Field Notes is a blog series about interactions, observations and just notes on all the elements of a film production. Today, I focus on the GAFFER.
December 17, 2012*
5:47 –ish AM
El Cajon, San Diego
It was raining. Or what we in California tend to call raining – a light drizzling, misting around us. But it was cold, so even the California rain made everything just a little bit more miserable. It was almost the end of an overnight exterior shoot day for an independent feature.
I was tucked into the comfort of an open equipment truck, holding a cup of coffee, trying to remember how to be warm. The GAFFER of our shoot settled in, sitting off the edge of the truck bed.
He was the quiet and the decidedly-not-from-California sort. The cold didn’t even really seem to faze him. I can’t remember if I left the quiet well enough alone for a respectable amount of time, or for less than a minute, but I definitely didn’t stay quiet.
ME
What does the word Gaffer even mean?
GAFFER
It’s an old British word. Originally, it
was the guys who tended the street lamps
or adjusted lights for theater stages.
Our conversation might have gone on a bit longer. But I will never forget how striking it was – the unimposing way in which that Gaffer absolutely and without a moment hesitation knew what the word meant. He knew the history. He was proud of it. It was important.
I was on my first set long before I even learned how to drive and I have been on many in my career. By 2012, I knew what a Gaffer was to a set. In most basic terms, Gaffers handled lights. But there is a difference between knowing something by definition and understanding something. Understanding something is the process of learning it.
Historically, Gaffers were named after the hook on the end of the pole they used to tend street lamps. The word also maybe has some foundation as a colloquialism of grandfather or godfather, indicating a cultural understanding of an old man or man in charge. Gaffers are, of course, the head of the electrical department on a film set and are also commonly referred to as Cheif Lighting Technicians.
Tangent: Read About the Magical Gas Lamps still in London, and the Gaffers who tend them.
March 27, 2014*
3:30 – ish PM
Hollywood Hills
A nice spring day is a best-case scenario for when a production office has to set up outside. The table was half covered in paperwork, stacks precariously guarded from the wind with things like a stapler, a binder, maybe some scissors. The other half of the table was toppling over with craft services.

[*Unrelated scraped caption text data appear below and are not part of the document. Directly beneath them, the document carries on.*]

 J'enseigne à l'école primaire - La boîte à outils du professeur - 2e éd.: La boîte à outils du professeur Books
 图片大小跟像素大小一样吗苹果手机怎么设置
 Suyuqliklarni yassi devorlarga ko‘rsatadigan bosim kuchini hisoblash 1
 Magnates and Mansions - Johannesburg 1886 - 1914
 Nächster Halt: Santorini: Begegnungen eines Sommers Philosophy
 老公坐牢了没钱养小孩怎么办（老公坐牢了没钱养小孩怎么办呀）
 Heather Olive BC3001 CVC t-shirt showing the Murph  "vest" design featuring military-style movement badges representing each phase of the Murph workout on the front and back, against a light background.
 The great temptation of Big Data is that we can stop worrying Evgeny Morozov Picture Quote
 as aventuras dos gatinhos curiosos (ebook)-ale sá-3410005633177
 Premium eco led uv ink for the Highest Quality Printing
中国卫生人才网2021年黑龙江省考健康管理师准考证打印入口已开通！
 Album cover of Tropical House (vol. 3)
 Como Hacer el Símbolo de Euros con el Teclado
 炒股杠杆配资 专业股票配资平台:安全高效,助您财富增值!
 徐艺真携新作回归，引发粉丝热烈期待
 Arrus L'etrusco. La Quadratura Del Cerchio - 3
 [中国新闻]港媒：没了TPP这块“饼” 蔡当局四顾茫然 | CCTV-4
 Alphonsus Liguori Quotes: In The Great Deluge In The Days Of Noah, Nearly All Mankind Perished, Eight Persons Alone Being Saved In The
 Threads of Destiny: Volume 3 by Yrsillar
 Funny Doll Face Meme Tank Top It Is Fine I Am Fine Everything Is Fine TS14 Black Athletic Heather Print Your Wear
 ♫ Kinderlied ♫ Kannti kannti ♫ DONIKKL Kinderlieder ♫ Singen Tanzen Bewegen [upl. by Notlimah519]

I sat in a metal patio chair, under the shade of a usefully placed tree, with a pen in my hair and my laptop open. Somewhere in the house, a small crew was shooting a long scene in the afternoon on day 2 of 3 for a digital series. The GAFFER stepped out from the house and sauntered over to the snacks.
GAFFER
You know, you work more than any other
production manager I have ever seen.
ME
I don’t think you’ve ever noticed them much before.
There is something to be said about this exchange. Even accounting for the teasing tones, there was a strain of truth to the words. Not about the work, but about the seeing. Visual storytelling is the craft of many, small villages or even endless cities of people. It’s not that strange that one person might never see or understand the work of another.
That moment is singular in my experience; I don’t think I will ever have a conversation like this again. Not that I’m looking for praise from all the Gaffers I encounter, or because I think Gaffers don’t appreciate the work of a production manager. But because it was a unique moment, an odd collection of circumstances brought us together on that set and we were able to have a moment of just plain interaction.
Remembering this moment now also makes me take notice of something else, a recognizable practice of Gaffers. The scene we were shooting that afternoon was at least three pages and the climax of the episode between six characters. I didn’t question it that afternoon, but I knew that our Gaffer had set up the lighting and after the 1st AD had called action ducked out to get a snack. The work of a Gaffer is done during the set up a scene, or in-between takes, not during rolling. The intensity of that work may vary – lighting 15 candles for a demon summoning compared to throwing a large array of HMIs up in the rain to source a living room through a window. But it’s a lot of hustle between waiting, so it’s like all the elements of filmmaking.
*All recollections are based on memory and are really not word-for-word exactly what happened, but they are close-ish.